The simulated p-value is very low. We are confident to reject the null hypothesis and conclude that spatial autocorrelation is in fact present. 

In [None]:
# plot the Global Moran's I results
from splot.esda import plot_moran
plot_moran(moran)

**Local Moran's I**

In [None]:
# test for local spatial autocorrelation
local_moran = esda.moran.Moran_Local(r['count'], w) # use the same wright matrix

In [None]:
# plot local moran's I results
from splot.esda import plot_local_autocorrelation
plot_local_autocorrelation(local_moran, r, 'count', p=0.05)
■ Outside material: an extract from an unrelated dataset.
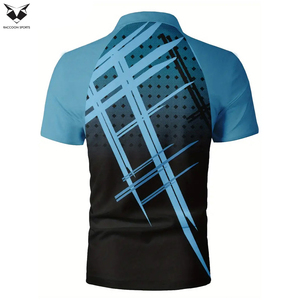 เสื้อโปโลชาย พิมพ์ลายแบบซับลิเมชั่น แห้งเร็ว เสื้อคลุมคุณภาพสูงสุด เสื้อโปโลชายพิมพ์ลายสำหรับออกกำลังกาย - Product Image 2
**Compare with Business Improvement Districts**

In [None]:
r['local_moran_Is'] = local_moran.Is
r['local_moran_p_value'] = local_moran.p_sim
r['local_moran_quadrant'] = local_moran.q

alpha = 0.05
hotspots = r.query(f"local_moran_p_value < {alpha} & local_moran_quadrant == 1")
coldspots = r.query(f"local_moran_p_value < {alpha} & local_moran_quadrant == 3")
doughnuts = r.query(f"local_moran_p_value < {alpha} & local_moran_quadrant == 2")
diamonds = r.query(f"local_moran_p_value < {alpha} & local_moran_quadrant == 4")

In [None]:
fig, cluster_map = plt.subplots(figsize = (16,8))
r.plot(ax=cluster_map, facecolor='none', alpha=0.05)
hotspots.plot(color='red', ax=cluster_map, label='Hot Spot')
coldspots.plot(color='blue', ax=cluster_map, label='Cold Spot')
doughnuts.plot(color='blue', ax=cluster_map, label='Doughnuts', alpha=0.5, edgecolor='blue')
diamonds.plot(color='red', ax=cluster_map, label='Diamonds',alpha=0.5, edgecolor='red')

joined_layer_bid_ac_count.plot(column='Count', legend=True, ax=cluster_map)

The tessellation grids appear to be too large compare to the bid boundries. However, we can generally tell there are overlaps between the hot spots and the business improvement districts.